Data Sharing and Publication 6. Did the species or study area represent any cultural importance to local communities, or include culturally sensitive information? Please explain how you came to this conclusion and how any cultural sensitivity was accounted for.

14.3.5 Physical Sciences (e.g. Geology, Glaciology, and Ice Research)

Research Planning 1. Was any knowledge provided by community members, including information regarding the study site?

Data Collection

  1. What safety measures were in place to keep researchers, research assistants, technicians, etc., out of harms way during research?
  2. Were there any impacts to the environment/habitat before, during or after data collection?

Data Sharing and Publication

  1. Is there any sensitive information including information on sensitive sites, valuable samples, or culturally sensitive information?
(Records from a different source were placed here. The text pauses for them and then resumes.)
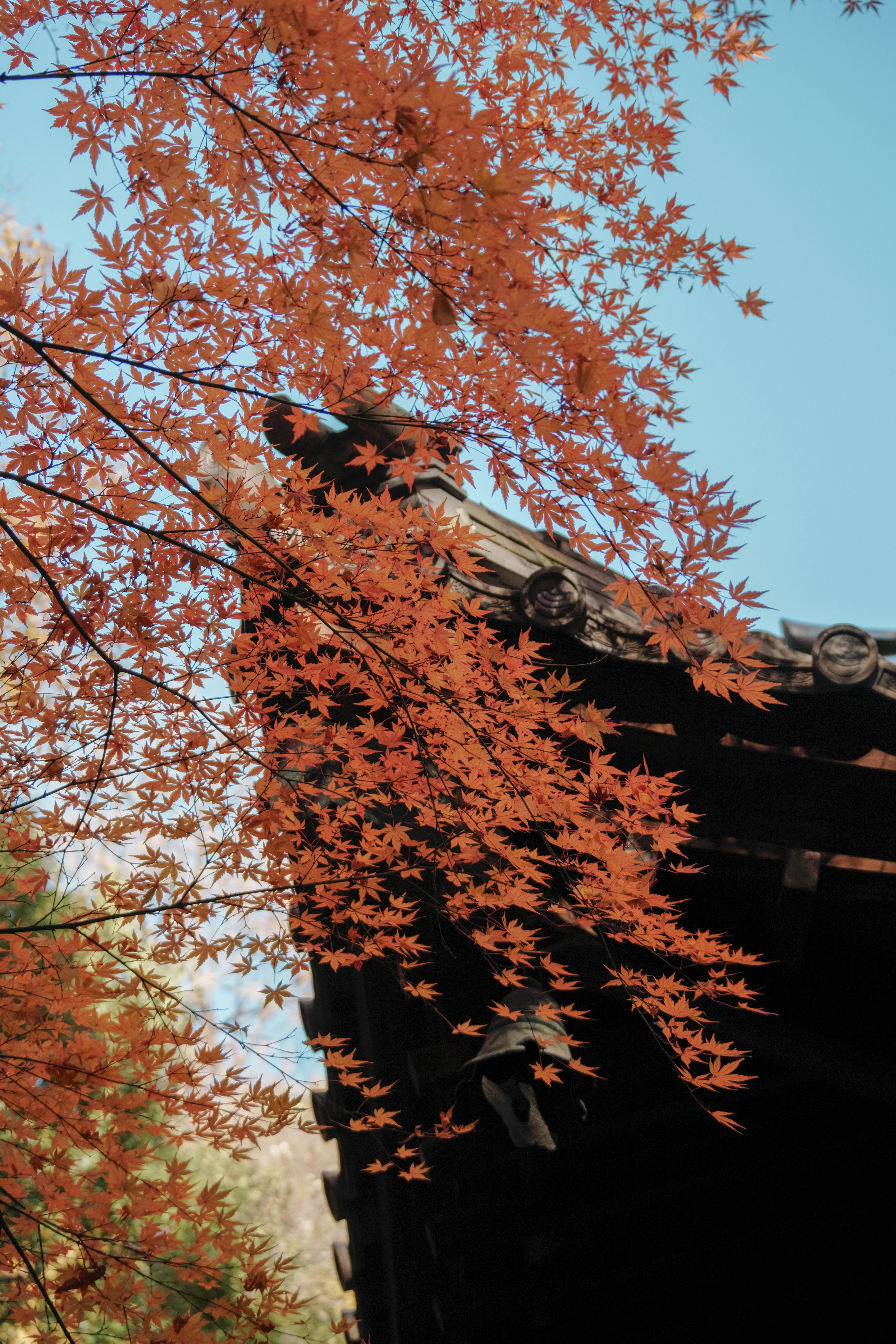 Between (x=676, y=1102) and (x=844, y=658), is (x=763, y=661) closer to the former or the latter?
(x=844, y=658)

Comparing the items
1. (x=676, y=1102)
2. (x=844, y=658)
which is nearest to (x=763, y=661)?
(x=844, y=658)

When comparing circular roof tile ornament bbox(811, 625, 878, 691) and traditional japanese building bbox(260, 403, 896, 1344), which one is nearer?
circular roof tile ornament bbox(811, 625, 878, 691)

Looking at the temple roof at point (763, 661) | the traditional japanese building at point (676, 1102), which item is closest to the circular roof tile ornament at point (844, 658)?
the temple roof at point (763, 661)

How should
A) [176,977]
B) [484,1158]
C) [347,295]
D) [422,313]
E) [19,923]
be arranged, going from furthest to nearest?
[176,977], [19,923], [484,1158], [347,295], [422,313]

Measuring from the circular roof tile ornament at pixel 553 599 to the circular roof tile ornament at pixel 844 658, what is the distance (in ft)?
2.42

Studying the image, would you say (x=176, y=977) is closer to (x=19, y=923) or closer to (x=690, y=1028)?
(x=19, y=923)

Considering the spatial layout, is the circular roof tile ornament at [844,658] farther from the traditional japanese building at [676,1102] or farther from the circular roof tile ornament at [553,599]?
the circular roof tile ornament at [553,599]

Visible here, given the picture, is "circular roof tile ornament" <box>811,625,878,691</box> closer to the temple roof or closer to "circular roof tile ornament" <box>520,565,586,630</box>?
the temple roof

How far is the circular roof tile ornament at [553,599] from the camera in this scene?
277 cm

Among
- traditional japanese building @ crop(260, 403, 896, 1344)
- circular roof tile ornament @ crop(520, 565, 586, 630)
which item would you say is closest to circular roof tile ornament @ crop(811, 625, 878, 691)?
traditional japanese building @ crop(260, 403, 896, 1344)

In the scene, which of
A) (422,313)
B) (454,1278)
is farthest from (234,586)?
(454,1278)

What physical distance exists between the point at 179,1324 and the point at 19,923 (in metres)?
4.31

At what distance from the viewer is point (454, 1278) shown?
3.73 meters

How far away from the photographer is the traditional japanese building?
288cm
14.3.6 Plant and Soil Research

Research Planning

  1. Were any of the study sites protected under local or federal regulation?
  2. Was any knowledge provided by nearby community members, including information regarding the study site?

Data Collection

  1. Did sample collection result in erosion of soil or other physical damage? If so, how was this addressed?
  2. What safety measures were in place to keep researchers, research assistants, technicians, etc., out of harms way during research?

Data Sharing and Publication

  1. Do any of the study sites or specimens represent culturally sensitive areas or species? Please explain how you came to this conclusion, and if yes, how was this accounted for?

14.3.7 Spatial Data

Research Planning

  1. Were any land permits required for this research?

Data Collection

  1. Were any data collected using citizen science or community participation?
  2. If yes, were community members compensated for their time and made aware of their data being used and for what purpose?

Data Sharing and Publication

  1. If data were ground-truthed, was institutional or local permissions required and/or obtained for land/property access?
  2. Have you shared this data with the community or participants involved?
  3. If location sensitive data was obtained (endangered/threatened flora & fauna location, archaeological and historical sites, identifiable ships, sensitive spatial information), how were the data desensitized?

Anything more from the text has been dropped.